1. Leave the carrier around now so they get used to it (with a blankie or something to sleep on inside)

2. Introduce treats INSIDE the carrier. They love that cat milk! 

3. Try and get a bigger/front loading carrier.

4. Get them used to the carrier by making regular trips to the vets. 

5. Having the baby and getting a little tough with them. They've got me spinning round their little paws. 
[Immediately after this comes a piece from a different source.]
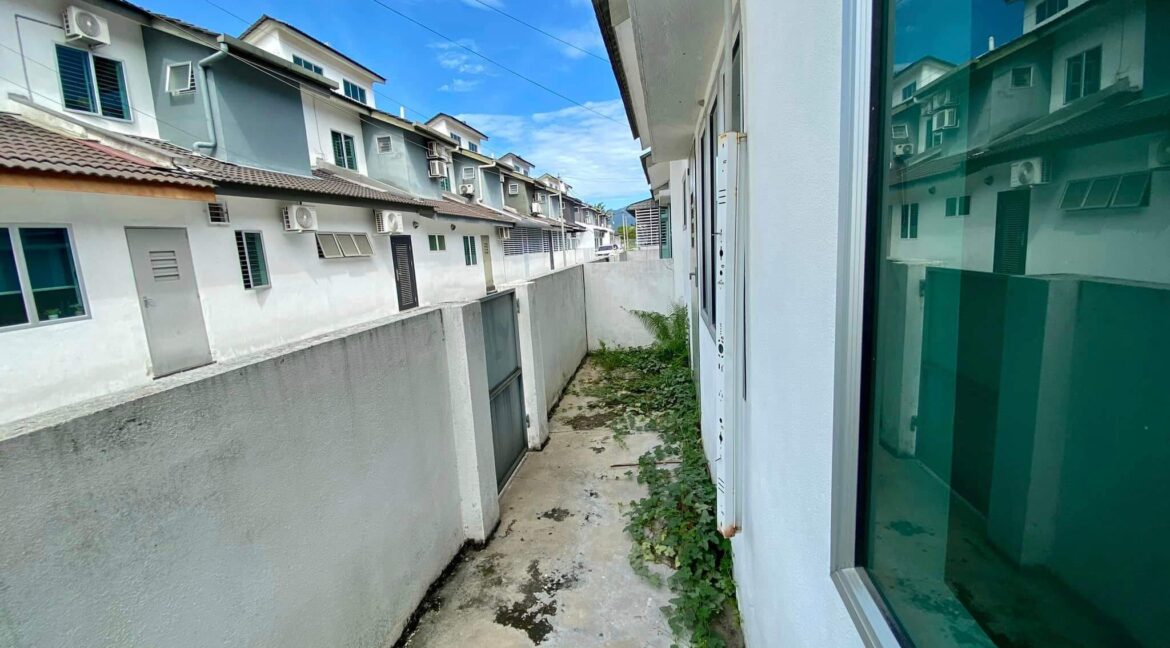 rumah-teres-2-tingkat-untuk-dijual-di-bandar-baru-sri-klebang-25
Once again... thanks a lot everyone.  x


----------



## Vic81 (Jan 27, 2009)

Put the carrier the other side of the cat flap, that way when she runs out through it she'll end up in the carrier lol


----------



## Saikou (Apr 2, 2008)

If you want a good top opening (and side opening) carrier then I can recommend these Buy Marchioro Clipper Tonga 3 Cat Carriers I have 4 of them, the oldest ones are coming up for 8/9 yrs old and look the same as when I first bought them. You can also buy casters to fit on the bottom, so you can wheel the carrier along - ideal for more than one cat or those who are built more for comfort than for speed


----------



## kbaker09 (Mar 25, 2009)

Saikou said:


> If you want a good top opening (and side opening) carrier then I can recommend these Buy Marchioro Clipper Tonga 3 Cat Carriers I have 4 of them, the oldest ones are coming up for 8/9 yrs old and look the same as when I first bought them. You can also buy casters to fit on the bottom, so you can wheel the carrier along - ideal for more than one cat or those who are built more for comfort than for speed


Oooo.. thank you for that. I've had a look - they seem great!


----------



## ella (Jan 1, 2009)

I was going to recommend this one too - it is great, plus you can collapse it if you want and the cover is washable in the machine.

T-Camp Deluxe Pet Carrier 50 cm: Amazon.co.uk: Garden & Outdoors


----------



## Aslimchef (Mar 20, 2009)

Top loader one does look good, we are new to cats...last night i just made him jump into the car and then carried him into vets. Felt so daft  Ordered one off ebay cheers


----------